I think if you have a well set up mitre saw (i.e. 45 degrees really is 45 degrees and the blade doesn't flex during cutting) you should be OK. I'm not sure I'd like to see a novice working with a Lock Mitre bit, they can be extremely fierce! But I agree with Cabinet man on the need for square, even stock for the joint. If at the end you do have a lip, careful use of a finishing sander or plane along the face with the overhang will help. Be sure to go along the board and not up and down the joint face.

Regards,

Orson
 

·
Registered
Joined
·
2 Posts
Discussion Starter #5
Thanks for the help. I checked out YouTube and discovered a few helpful videos on several aspects of woodworking. I will practice with the jointer until I can get the miter corner to where I am satisfied that it is mostly hidden.
 

·
Senior Member from MN
Joined
·
219 Posts
The October 2007 issue of Fine Woodworking has an article on "gap free joints". I think there is a picture showing the glue up of a column box with miters on the corners. It's either in that same article or another article. Or it's in the October issue of Wood magazine. I bought two magazines this month and can't remember which one has the picture I am thinking of.
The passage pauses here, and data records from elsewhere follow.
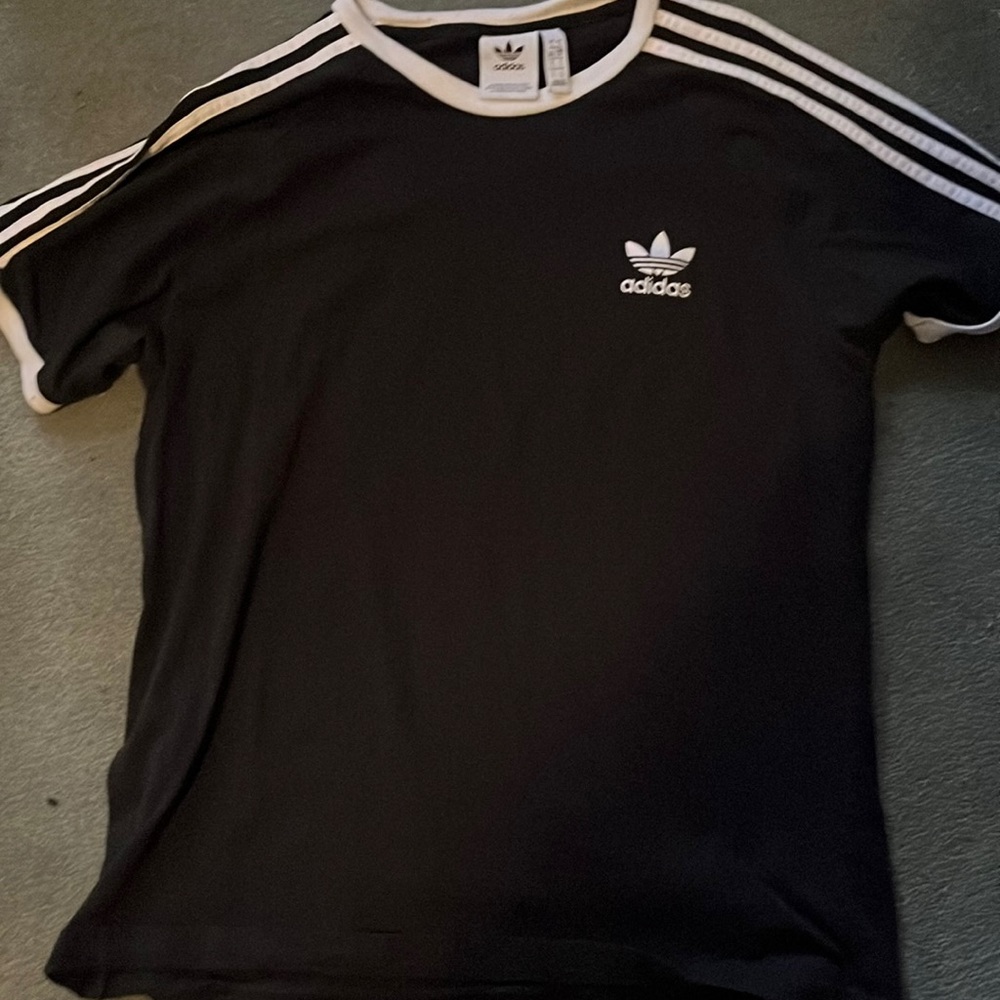 Classic adidas t shirt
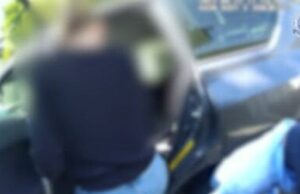 Mulher acusada de perseguir dois homens, fingindo gravidez e exigindo dinheiro Uma mulher de Gold Coast foi acusada de perseguir dois homens, fingindo estar grávida e exigindo dinheiro com eles.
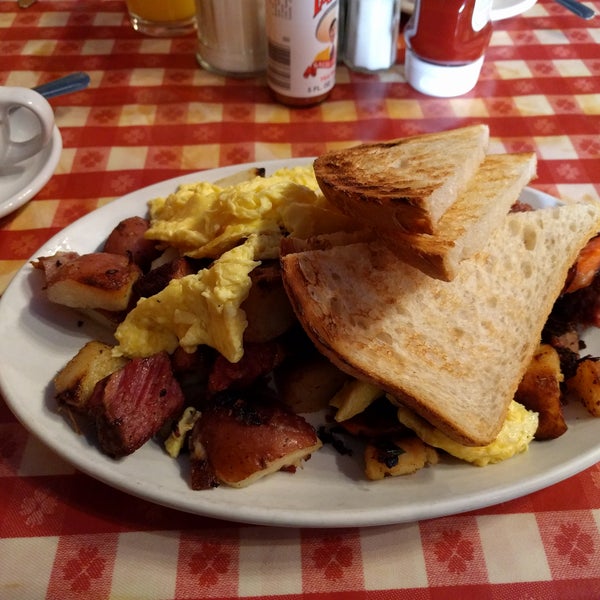 Enormous breakfast portions. Get the flannel hash!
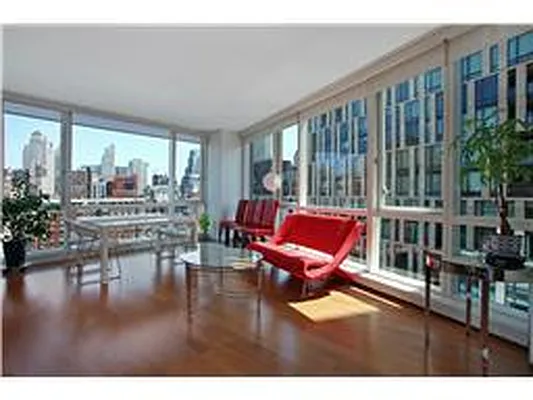 Rented by Douglas Elliman | media 14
She was using spring clips on the corners to press them together. Good luck.
 

·
Super Moderator
Joined
·
4,373 Posts
Hve you tried a miter fold? You only need to deal with one joint, the rest are sealed.
 

·
Registered
Joined
·
6 Posts
The best way to get an invisible mitrejoint, is, if you cut the mitre at 45.5 to 46 degrees. Lay them flat next to each other and use packaging tape all along the the joint to hold it together.
You do this on three of the joins, turn the whole thing over, apply glue on all for joins, fold it up and tape the fourth joint with strips of tape as close together as you can. Stretch the tape enough to close the join.
I reckon this is the only way to get perfect mitre joins. because the moisture in the glue is pushing it slightly apart.

I believe very much in this method and it does'nt need any special tools, besides a reasonable good saw..
 

·
Registered
Joined
·
4 Posts
I agree with Hobelspan with his method, but I also like to use a 45 deg router bit with a bearing and a straight edge for long pieces. Using the router bit and a handheld router allows for any variations in flatness of my material thus giving me a perfect 45 deg joint every time. Just don't run your finger along the edge as it is razor sharp.
 

·
Cabinetmaker
Joined
·
646 Posts
Roberth; regardless which method you use for the miter,the best way for near perfect grainmatching is to use a single board wide enuf to rip all 4 pcs from. Match mark each one so you miter each to its matching edge.
JackM
 

·
Registered
Joined
·
26 Posts
Use any of the above methods, but before you sand use the shaft of a screwdriver on the corners to lightly burnish them down. After you sand the surfaces you'll have nice tight corners. I've made quite a few hollow posts this way.